McAllister and Snoots stared at poor Shorty, but Allen’s eyes were on the men’s faces as they told their story.

“Why don’t yuh go track them killers?” Allen said, with apparent excitement, to McAllister.

“Reckon I will.”

The two riders headed toward the ranch. McAllister ordered Snoots to stay with the remuda until he returned, and then he and Allen headed toward Sunk Creek.

“What did yuh want me to come out here for?” McAllister asked after they had ridden in silence for a time.

“’Cause Shorty wasn’t killed where they found him,” Allen explained. “There was blood on his off-stirrup leather, and he was tied on with his head on the near side, so I figger he was packed twice. Reckon he got too curious—he tells me the other night he was plumb curious naturally.”

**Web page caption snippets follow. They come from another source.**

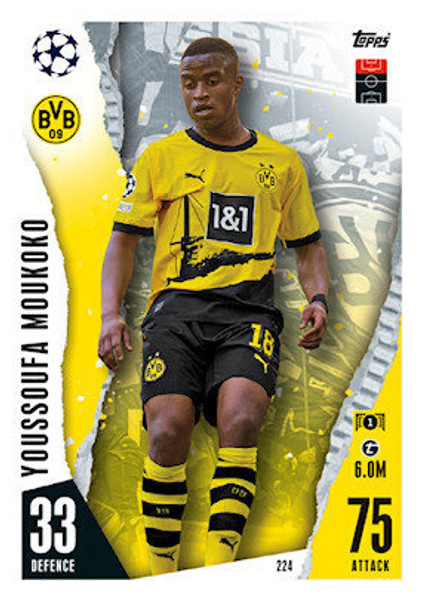 #224 Youssoufa Moukoko (Borussia Dortmund) Match Attax Champions League 2023/24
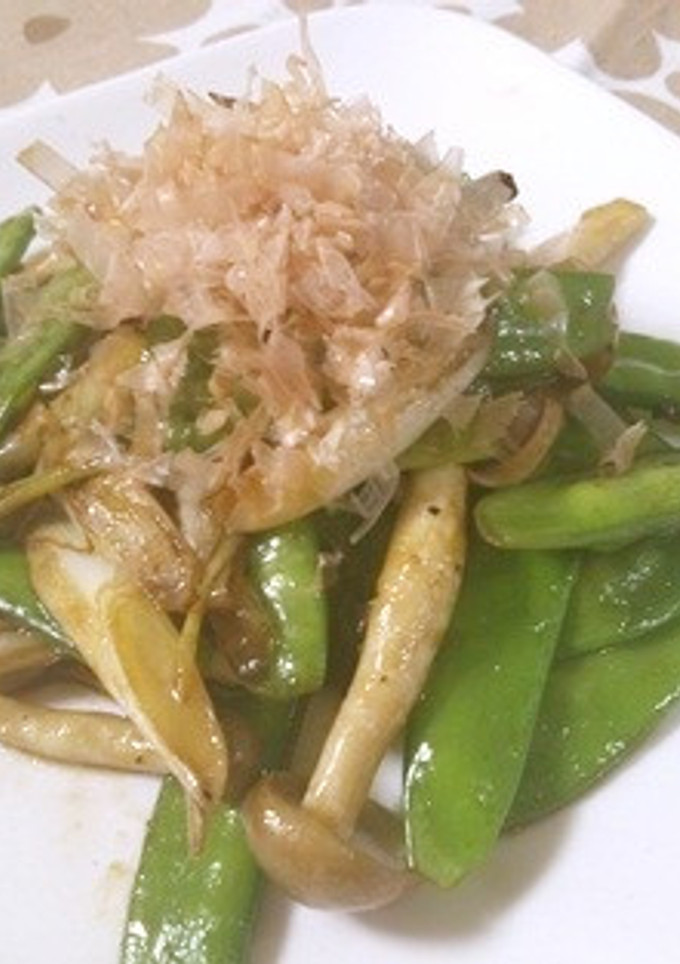 宮城旬野菜　絹さやとシメジのソース炒め-レシピのメイン写真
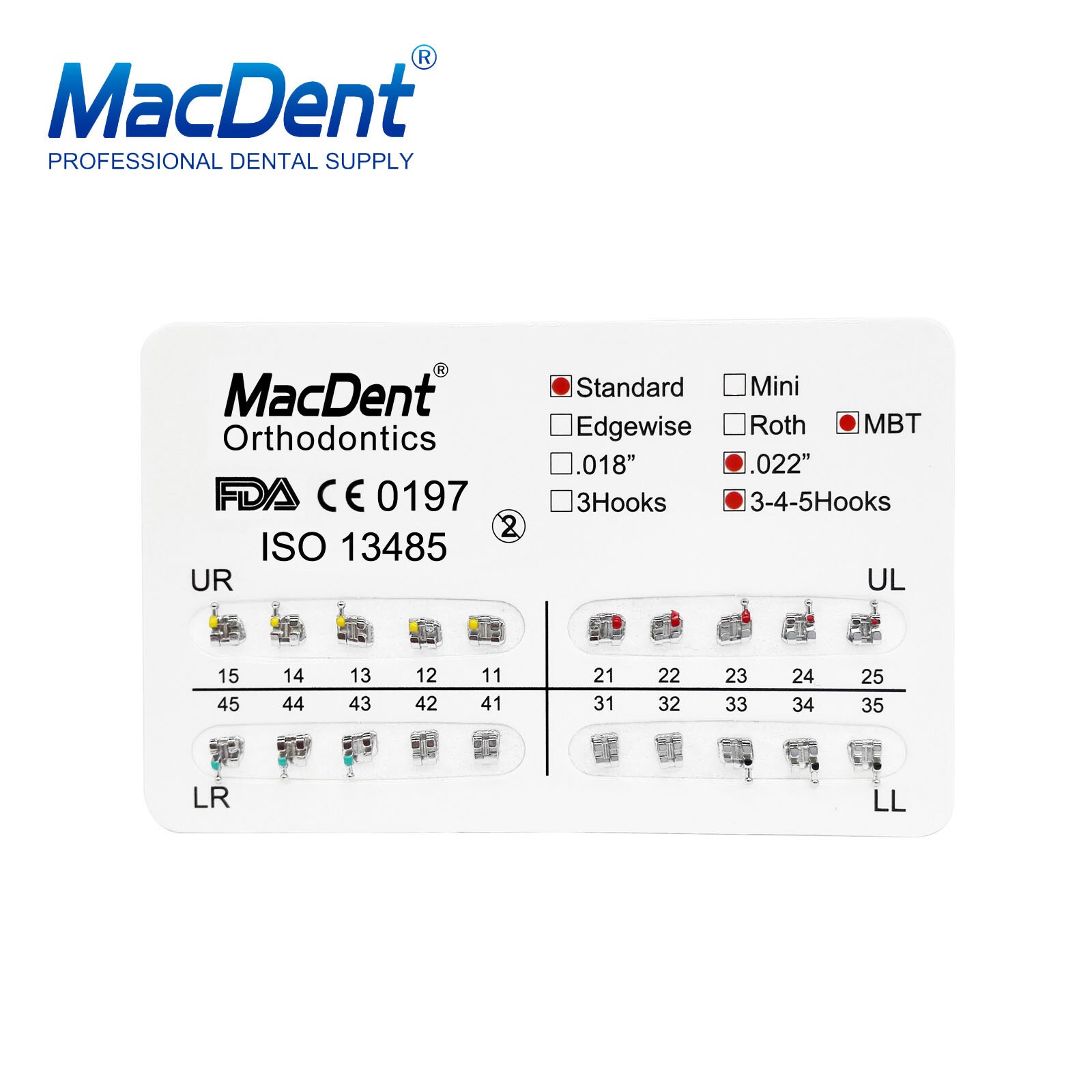 MacDent Dental Orthodontic Bracket Braces Mini Roth/MBT 022 Hooks 345/Arch Wires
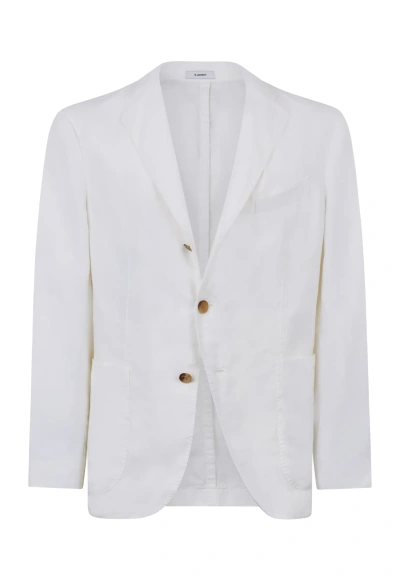 Boglioli Garment-dyed Linen K-jacket In White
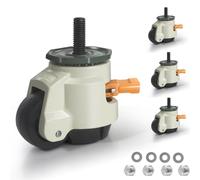 IQWTU Rotelle per Mobili Pesanti Carico 1000 kg, 50MM Ruote Girevoli con Impugnatura a Cricchetto, Nylon Ruote Girevoli Pesanti con Perno Filettato 12 x 30MM, Silenziose Ruote Pesanti Rotazione a 360°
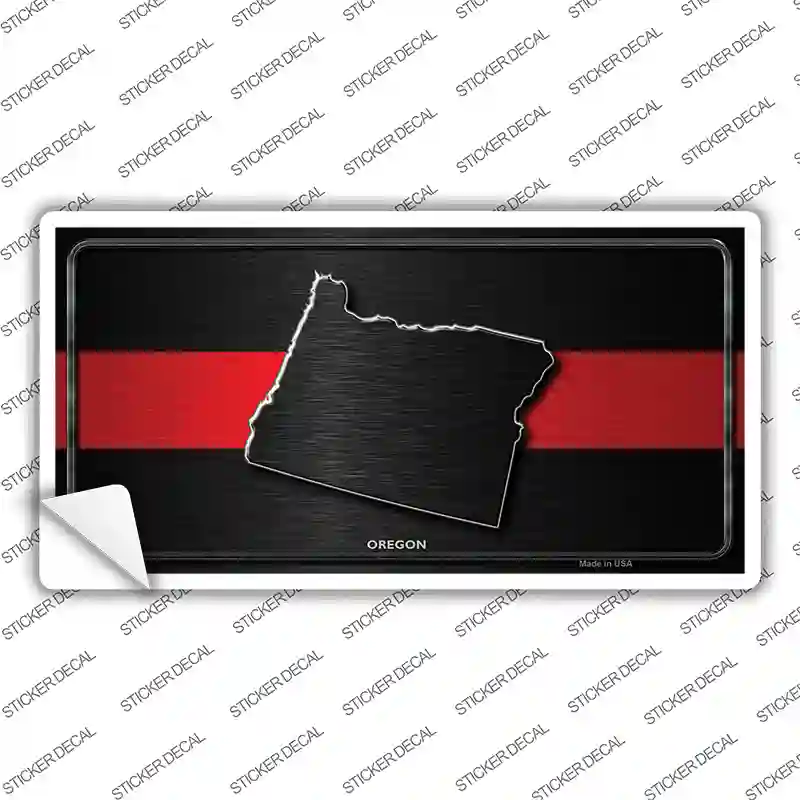 Oregon Thin Red Line Novelty Sticker Decal Small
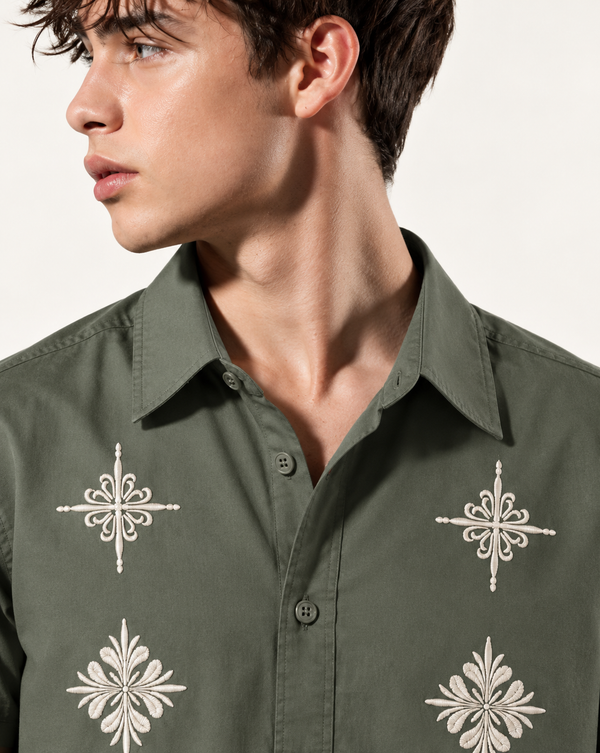 Izi Green Heritage Floral Embroidered Shirt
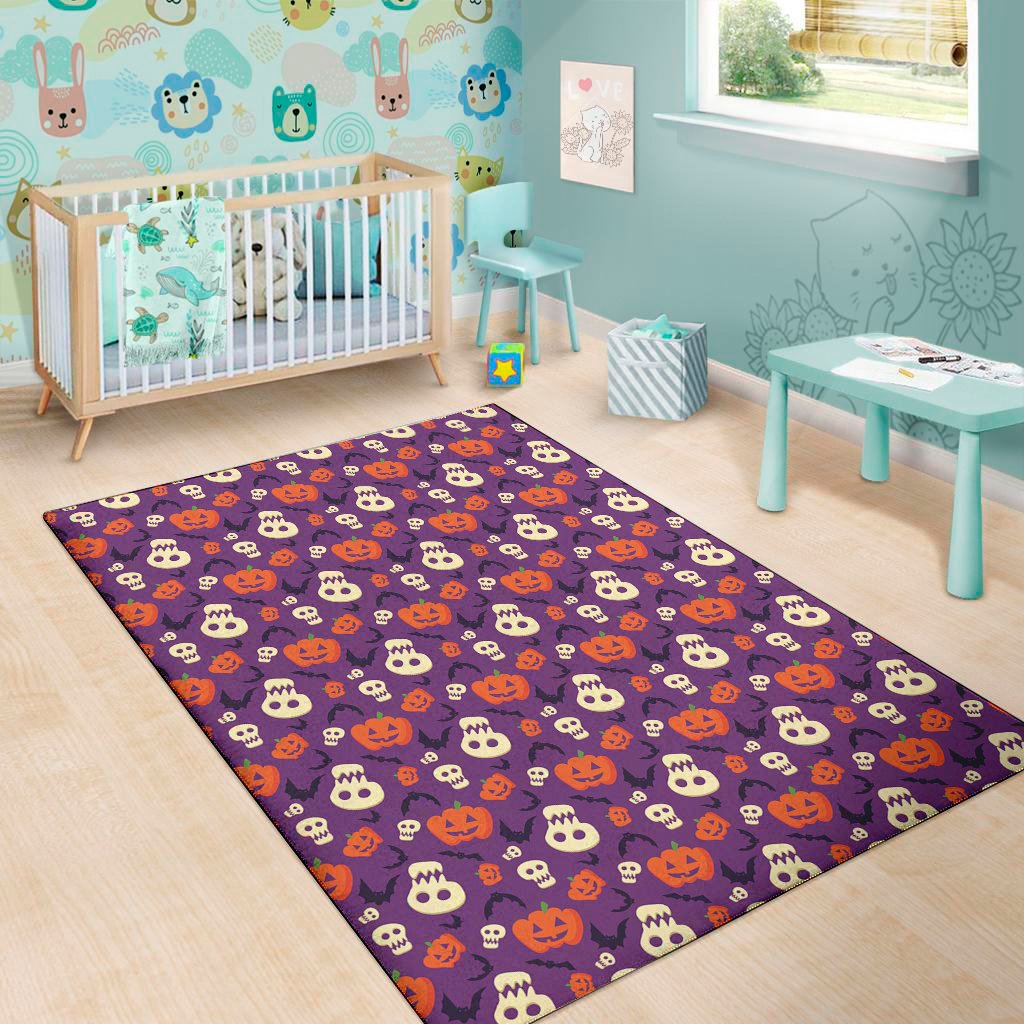 funny halloween pumpkin pattern print area rug floor decor 2410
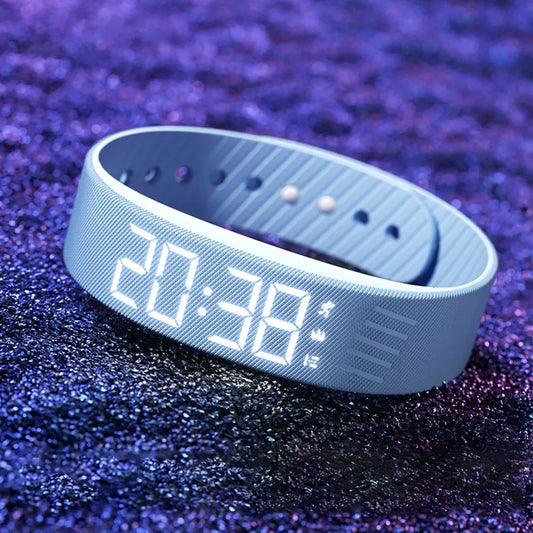 LED Digital Alarm Clock Watch Adjustable Snooze-proof Alarm Bracelet with Running Pedometer Waterproof Vibrating Alarm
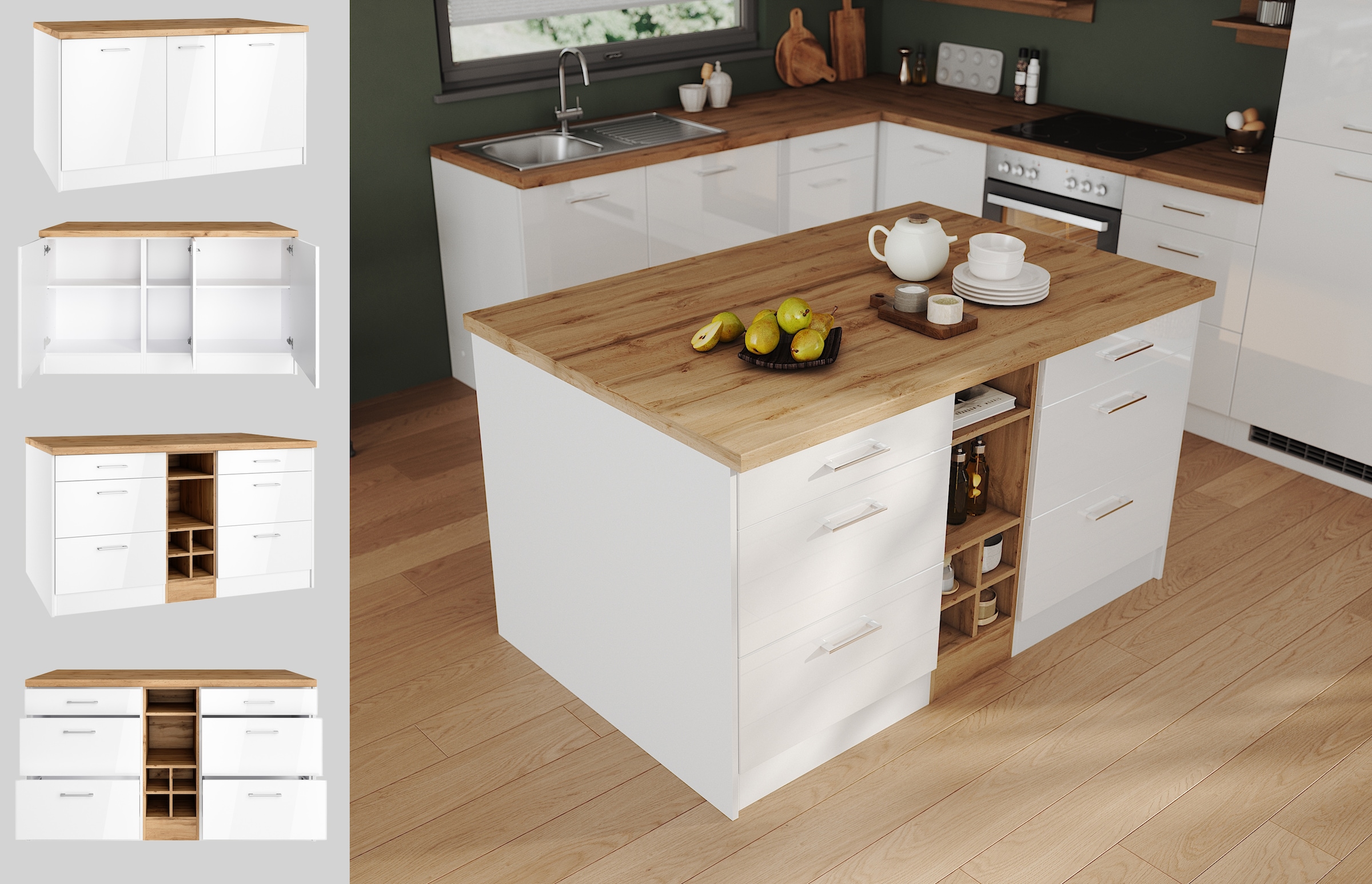 KOCHSTATION Kücheninsel »KS-Milan«, Stellmaß 153/100 cm, viel Stauraum, Lebensmittelpunkt: Küche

A short time later, they were in the wash near the big white stones where Shorty’s body had been found. Allen circled around and found the tracks of three horses. He followed them with the sureness and cunning of the desert wolf, up the wash, across the range, and twisting among the brush. There were times when Bill McAllister could see no sign at all and believed that the outlaw had lost the trail. Then, after they had twisted about for a mile, he would see bent blades of grass or scuffled stones, proving that Allen had been following the trail with the sureness of death itself.

The trail twisted this way and that, but always came nearer and nearer to the Hard Pan country.

“Yep, Shorty was tellin’ me he was plumb curious to visit over there. Reckon he did an’ gets cashed,” Allen said. “Reckon if they kills a gent for gettin’ curious about this here Hard Pan country, I figgers I better amble in there myself.”

He warned Bill McAllister to say nothing about their having followed the trail, and then he swung Honeyboy about and headed toward the wooded country that lay to the left of the Hard Pan. His companion rode soberly back to the Double R Ranch.